- _DATA_
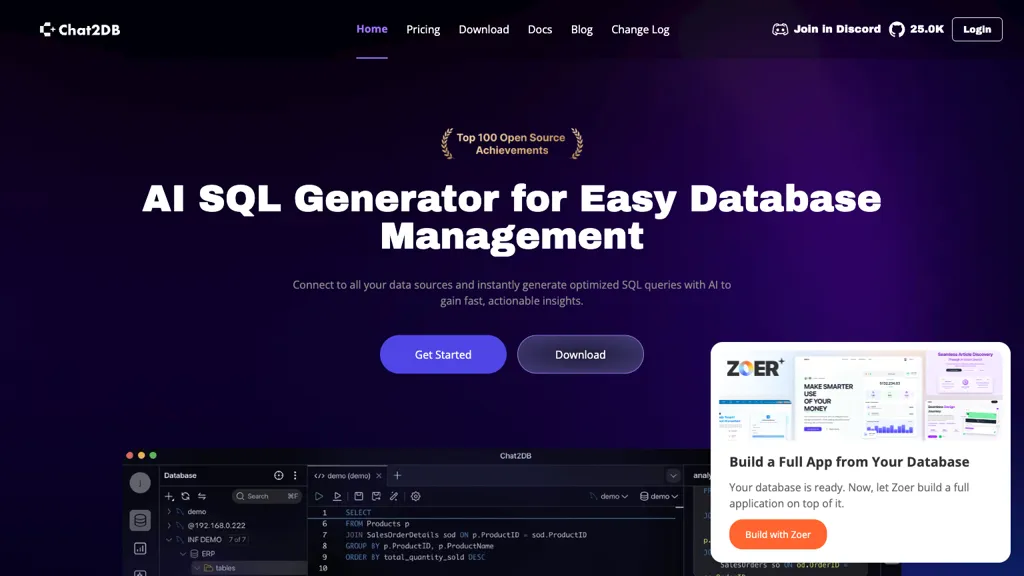 Chat2DB screenshot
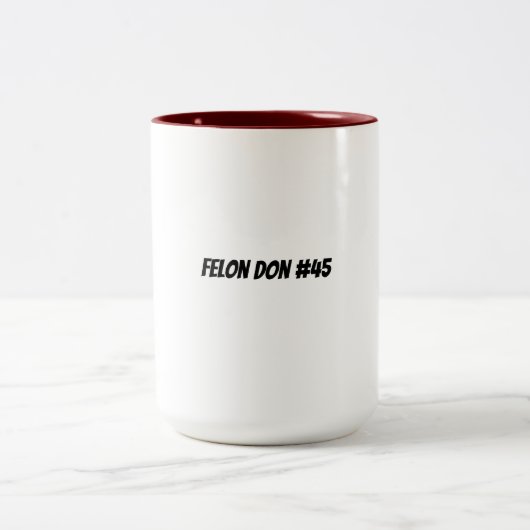 Donald Trump-Tasse Zweifarbige Tasse (Mittel)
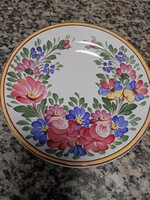 Városlőd virágmintás fali tányer 16,5 cm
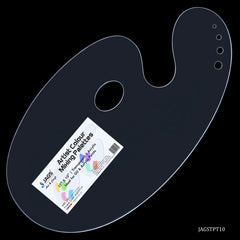 Acrylic Palette Transparent Oval XXL Big 17X10 JAGSTPT10
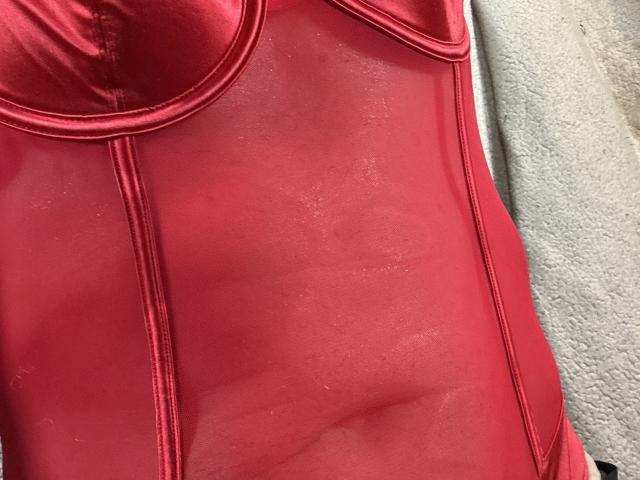 A flat, stylized, red banner with a white emblem on the right side. The banner has clean, sharp edges and a minimalist design. The emblem is small and simple.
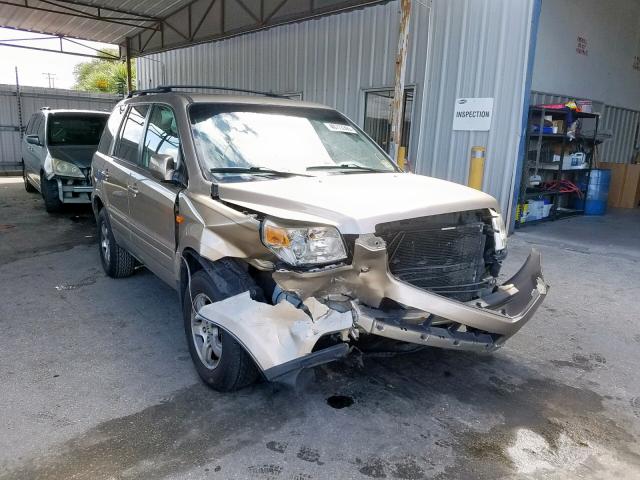 HONDA PILOT 2006 2hkyf185x6h530804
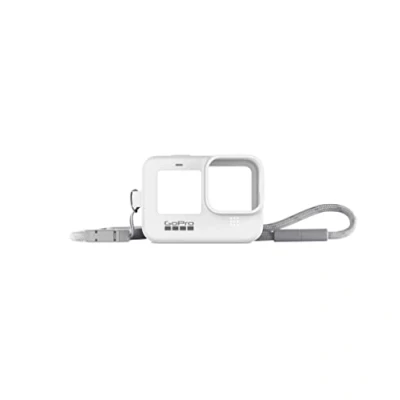 Immagine di Guaina + cordino bianca (HERO11 Black/HERO10 Black/HERO9 Black) Accessorio ufficiale GoPro
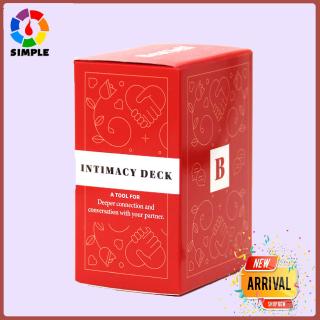 Intimacy Deck by BestSelf-Best couple card game with full English romantic gifts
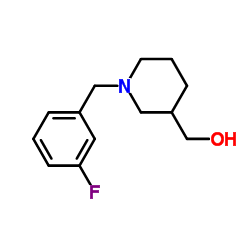 [1-(3-Fluorobenzyl)-3-piperidinyl]methanol Structure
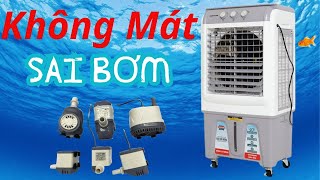 Cách chọn bơm cho quạt điều hoà hơi nước lỗi không có hơi mát | Bơm chìm quạt điều hoà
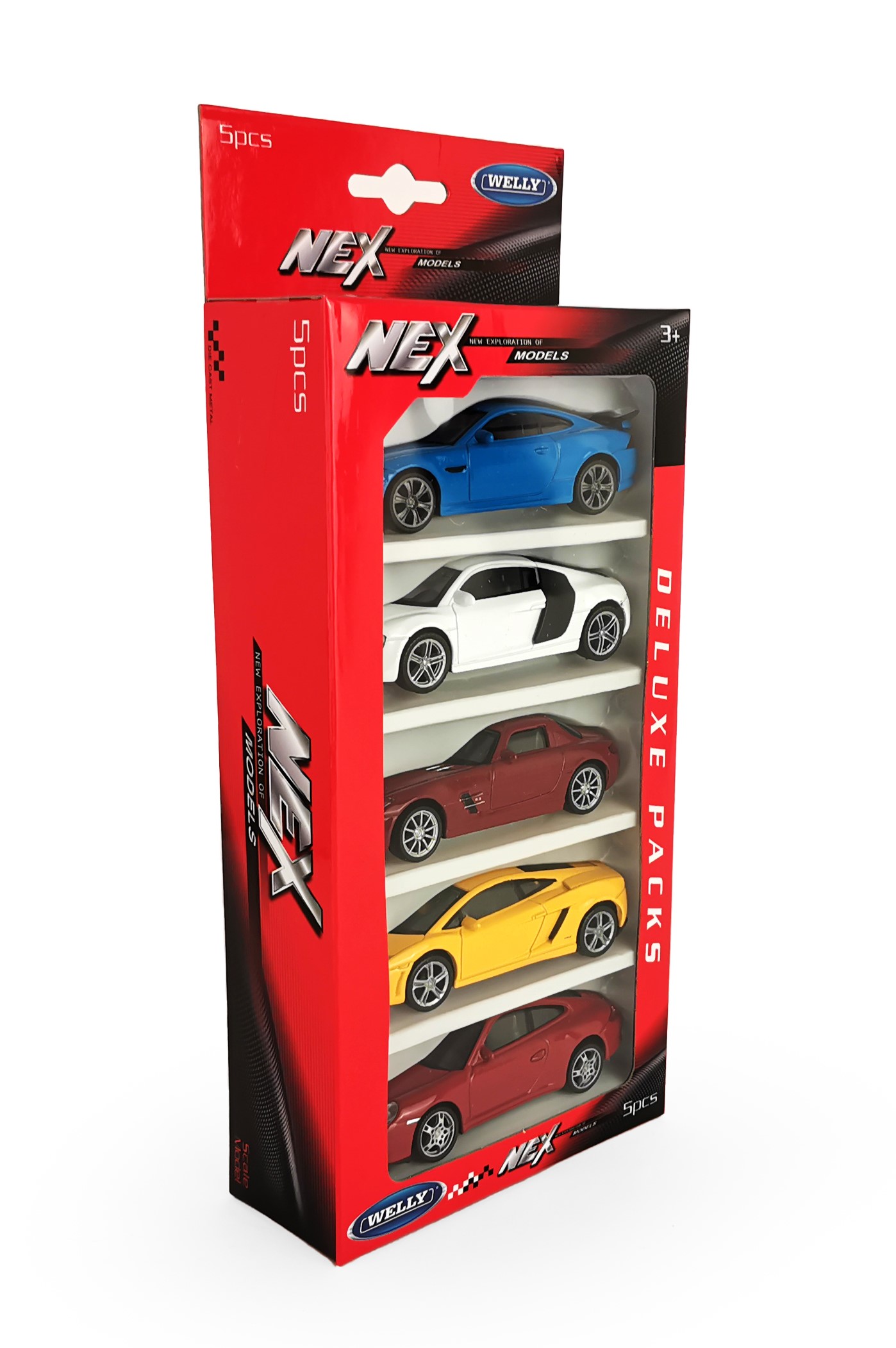 Игровой набор Welly Audi Lamborghini Porsche Jaguar 1:43 44000-5SG(B) - фото 13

- _EXERCISE BRIEF_
Everything above from the line containing "Donald Trump-Tasse Zweifarbige" down to the line containing "A flat, stylized, red" is to be duplicated exactly, both lines included, and the pictures are to be omitted.

- _REPLY_
 Donald Trump-Tasse Zweifarbige Tasse (Mittel)
 Városlőd virágmintás fali tányer 16,5 cm
 Acrylic Palette Transparent Oval XXL Big 17X10 JAGSTPT10
 A flat, stylized, red banner with a white emblem on the right side. The banner has clean, sharp edges and a minimalist design. The emblem is small and simple.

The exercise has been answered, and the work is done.